I guess the biggest issue with that change is, however, that it actually goes against what the DWARF spec. says about the CFA:
Typically, the CFA is defined to be the value of the stack pointer at the call site in the previous frame (which may be different from its value on entry to the current frame).
In particular, your change was unfortunately not working with our version of (libunwindstack)[https://github.com/google/orbit/tree/main/third_party/libunwindstack%5C] and LLDB (unfortunately not yet upstream).
Yes, that's what I've been told (maybe even *you* did).
I am actually interested, does your change manage to unwind completely through the dispatcher and through the complete windows stack, as shown here?
With GDB and with the two other changes I mentioned, it fully works yes.
I'm a bit surprised that you don't need the flags push/pop change, as I believe it corrupts the return address on the stack, but maybe the unwinder has other ways to get it back.

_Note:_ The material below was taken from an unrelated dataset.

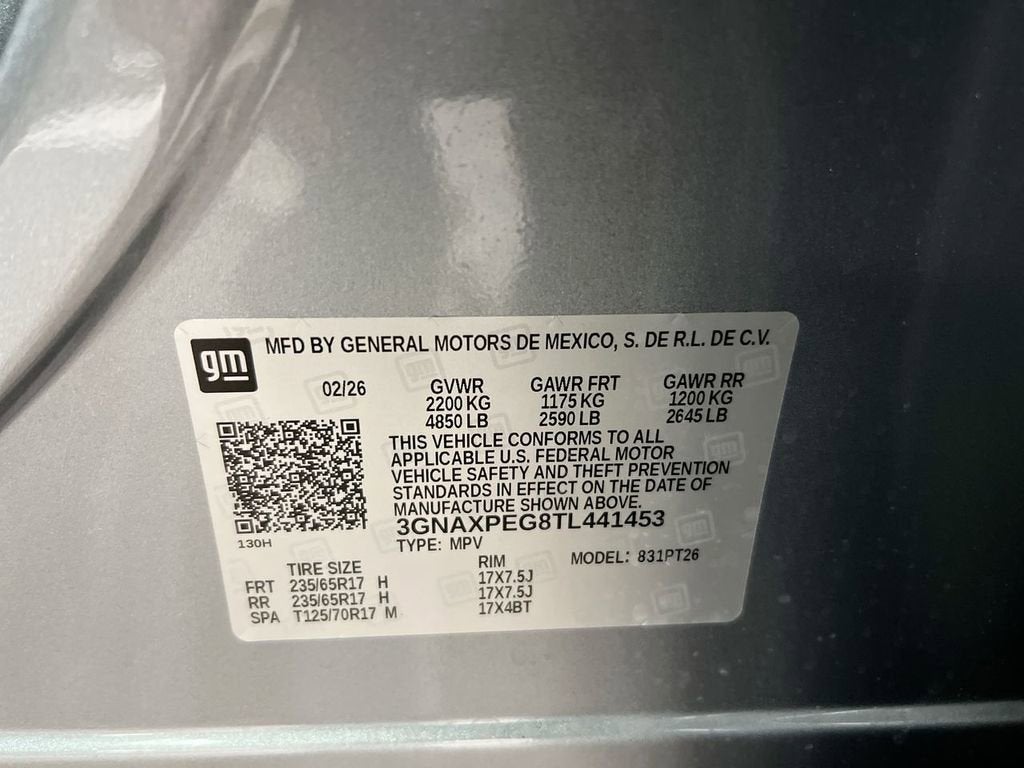 2026 Chevrolet Equinox LT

Now the other part where unwinding doesn't work well is with the other side of syscalls, with KiUserCallbackDispatcher callbacks. Massaging a bit the frame pointers before entering it I'm able to stitch the stack trace to the frame before entering the syscall but I'm then losing the stack within the syscall. I guess we'd probably need some assembly there too to add adequate CFI info if we want to get that right too.